Task prompt:
For the material below, set down exactly the lines between the one containing "本網頁連結的 QRCode" and the last line, both included, leaving every picture out.

(Beginning of Supplied information)

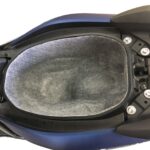 「NMAX／ADV150オーナー必見！　良いヘルメットを傷から守る、保護するアイテムです！」の2枚目の画像ギャラリーへのリンク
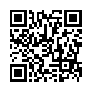 本網頁連結的 QRCode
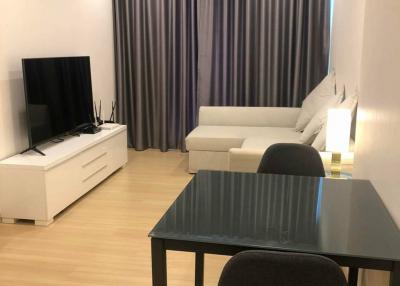 1 Bed 1 Bath 50 sqm Condo For Sale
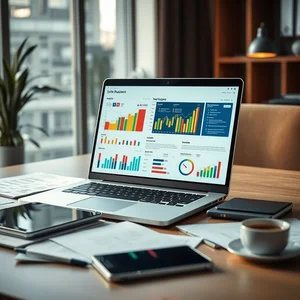 Strategic Execution Report Maîtrisez la performance stratégique en affaires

(End of Supplied information)

Task output:
 本網頁連結的 QRCode
 1 Bed 1 Bath 50 sqm Condo For Sale
 Strategic Execution Report Maîtrisez la performance stratégique en affaires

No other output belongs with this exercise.